The capacity shared among the profiling partners during the first exercise in Erbil meant that those in Duhok and Sulaymaniyah were able to be largely self-run with much of our support provided remotely. The methodology and tools for Erbil were developed in late 2015, and ESD conducted the household survey in December. The analysis workshop was held in February 2016 to discuss the initial survey findings, which in turn informed the methodology for qualitative data collection the following month. The household survey data for Duhok and Sulaymaniyah was collected in May 2016 and cleaned and analysed the following month.

The final profiling report for Erbil was launched in June 2016, followed by those for Duhok and Sulaymaniyah in November 2016. The results of the exercises were disseminated amongst the wider humanitarian and development community. The datasets from Erbil, Duhok and Sulaymaniyah can be downloaded from the Humanitarian Data Exchange (HDX).

Impact & lessons learned

The profiling exercises had a number of significant impacts in the three governorates:


  • Their results helped to focus and target interventions on those most vulnerable and in need, including host community members. “The profiling helped focus cash assistance programmes on the most vulnerable IDP and refugee communities,” said Jozef Merkx of UNHCR Iraq. “We also learned that we should include the host community in our programming, as they had also been through very difficult times.”
  • The profiling results also established a shared understanding of how displacement was affecting urban IDPs, refugees and host communities in the region. According to Serwan Mohamed of the Kurdistan Region Statistics Office, they showed “the importance of joining efforts between government, including statistics offices, and humanitarian organisations to avoid multiple data collection with different methodologies and objectives”.
  • The collaborative nature of the profiling processes ensured local ownership and also strengthened relations and broadened cooperation between the governorate authorities and the UN agencies involved, leading to a significant technical capacity sharing. As UNHCR’s profiling coordinator, Shadman Mahmoud, said: “The resulting evidence base helped build a bridge between the UN and the government.”

Project overview

Urban profiling in south and central Iraq (2015)
UNHCR and the Ministry of Displacement and Migration (MoDM) in Baghdad asked JIPS in March 2016 to provide remote support for a profiling exercise on IDPs and local communities spanning nine governorates. Due to limited access and challenging security situation in south and central Iraq, the profiling deployed a light methodology, aiming to provide initial household level data to inform overall planning of assistance provision.

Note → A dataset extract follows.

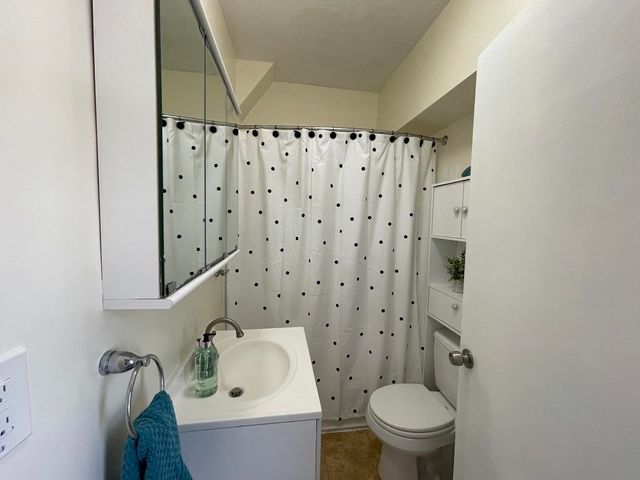 274 Newtonville Ave 274, Newton, MA 02460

Profiling process & JIPS’ support

We supported remotely the design of a methodology for a comparative profiling of host and displaced populations in the urban and peri-urban locations across south and central Iraq.

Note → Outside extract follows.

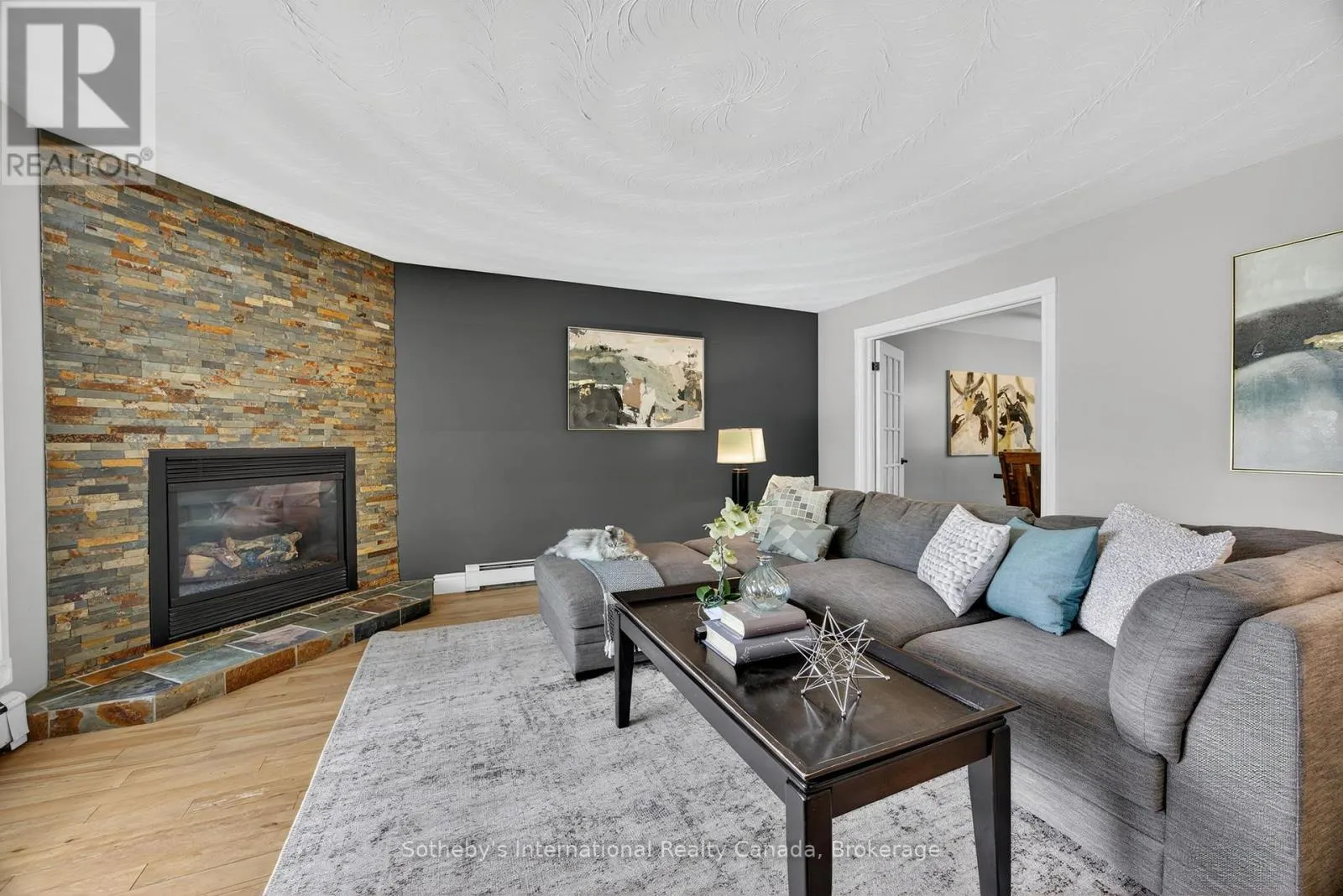 79 CAROLINE STREET W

The data collection tools were jointly developed by MoDM and UNHCR with our technical advice, and MoDM undertook mobile data collection between May and October 2016. Surveys were conducted in the central governorates of Babylon, Karbala, Najaf and Wassit, and across Basra, Dhi Qar, Missan, Muthanna and Qadissiyah in the south.

The data collected from all nine governorates was cleaned and merged with the support from Statistics Norway, and the dataset is available on request via the HDX platform.

Impact & lessons learned

The impact of this profiling process was limited: the analytical report wasn’t finalised due to a shift in priorities in the country following the operation to retake the city of Mosul from Isis control in October 2016.

The data and in particular vulnerability analysis based on it was, however, used for UNHCR’s programme planning and implementation and, at the global, lessons learned from this have been shared with the targeting community.